HOW TO COMPLETE THIS TASK → Copy the records below exactly, from the line containing "Hezemans completa un" through the last line, and leave out every picture.
#### MATERIAL PROVIDED
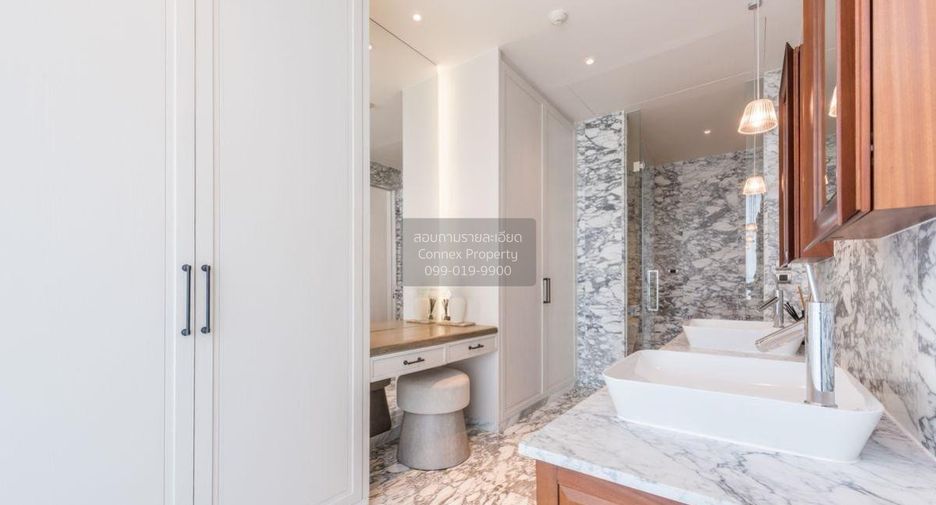 For sale 3 bedrooms condo in Watthana, Bangkok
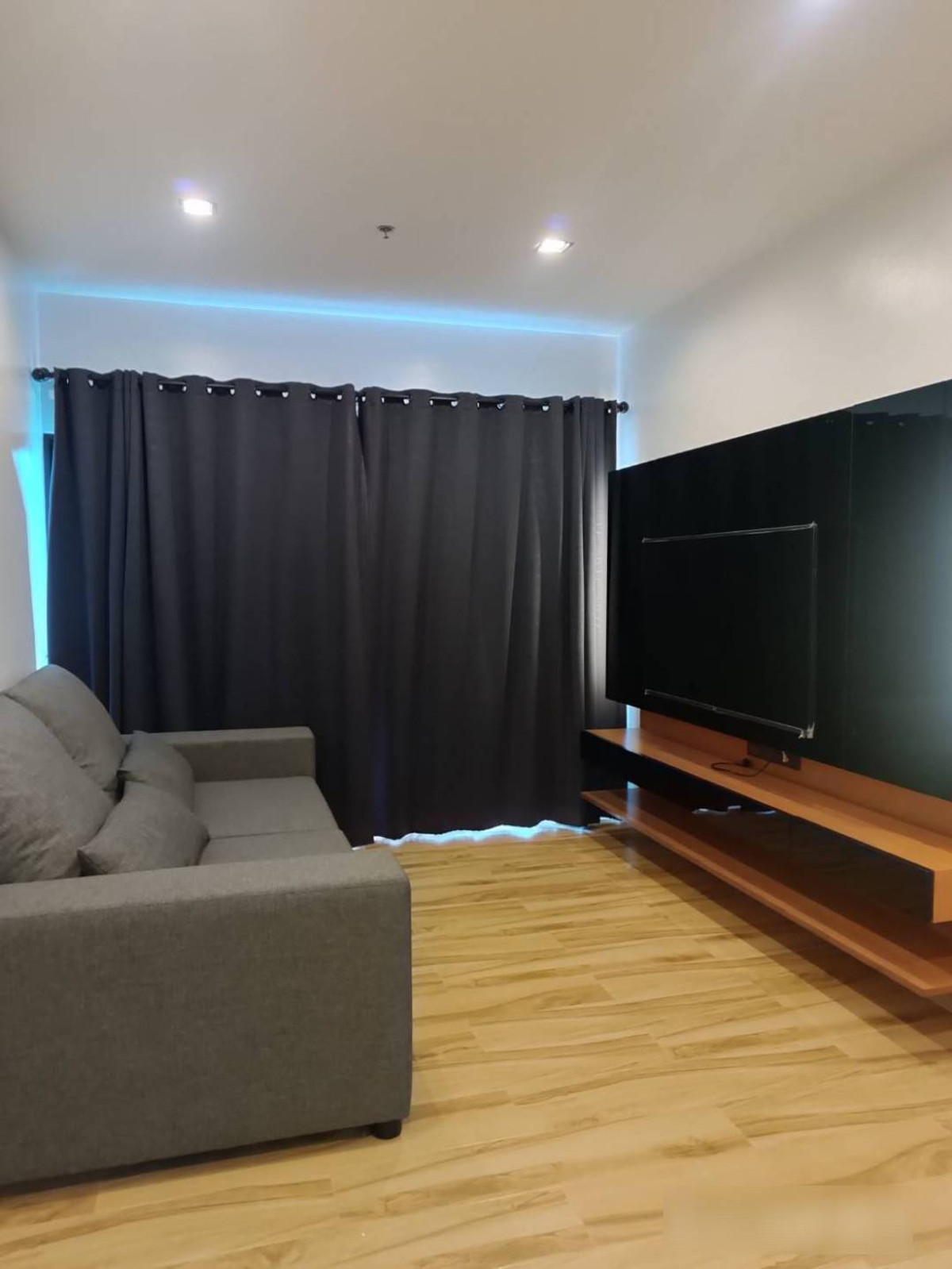 ให้เช่าคอนโดราชเทวี พญาไท : ให้เช่าคอนโด โนเบิล รีเวนต์ ใกล้ คิง เพาเวอร์ รางนํ้า เพียง 3 นาที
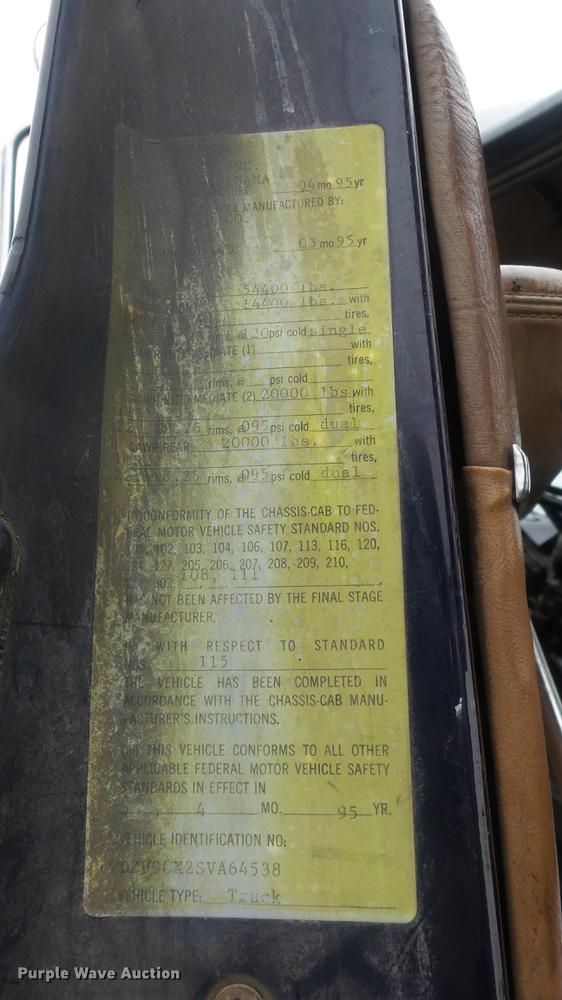 image for item DC5729 1995 Ford LT9000 dump truck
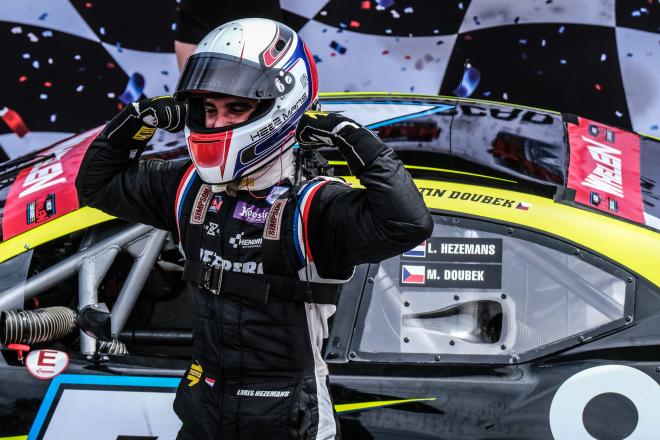 Hezemans completa un fin de semana perfecto en las carreras de la NASCAR europea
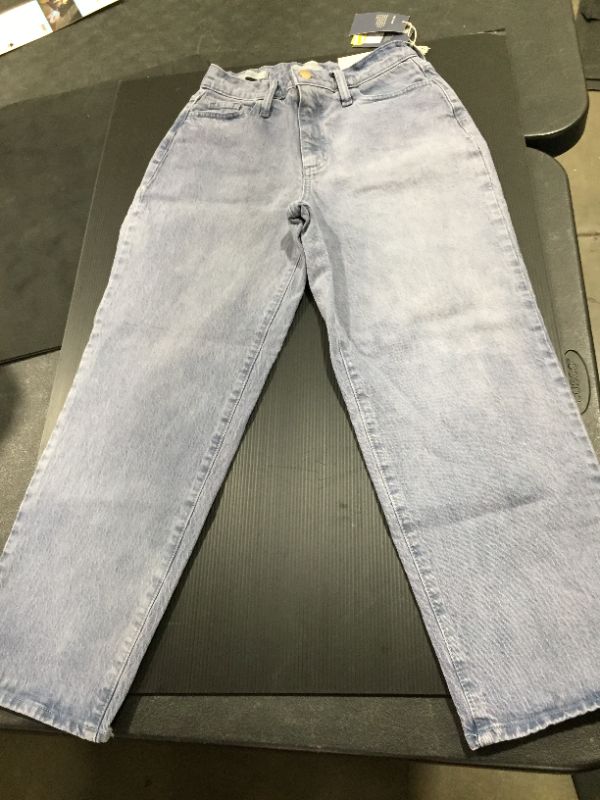 Photo 2 of Women's Super-High Rise Vintage Straight Fit Cropped Jeans - Universal Thread?
SIZE : 10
########
PROBLEM SOLUTION →
 Hezemans completa un fin de semana perfecto en las carreras de la NASCAR europea
 Photo 2 of Women's Super-High Rise Vintage Straight Fit Cropped Jeans - Universal Thread?
SIZE : 10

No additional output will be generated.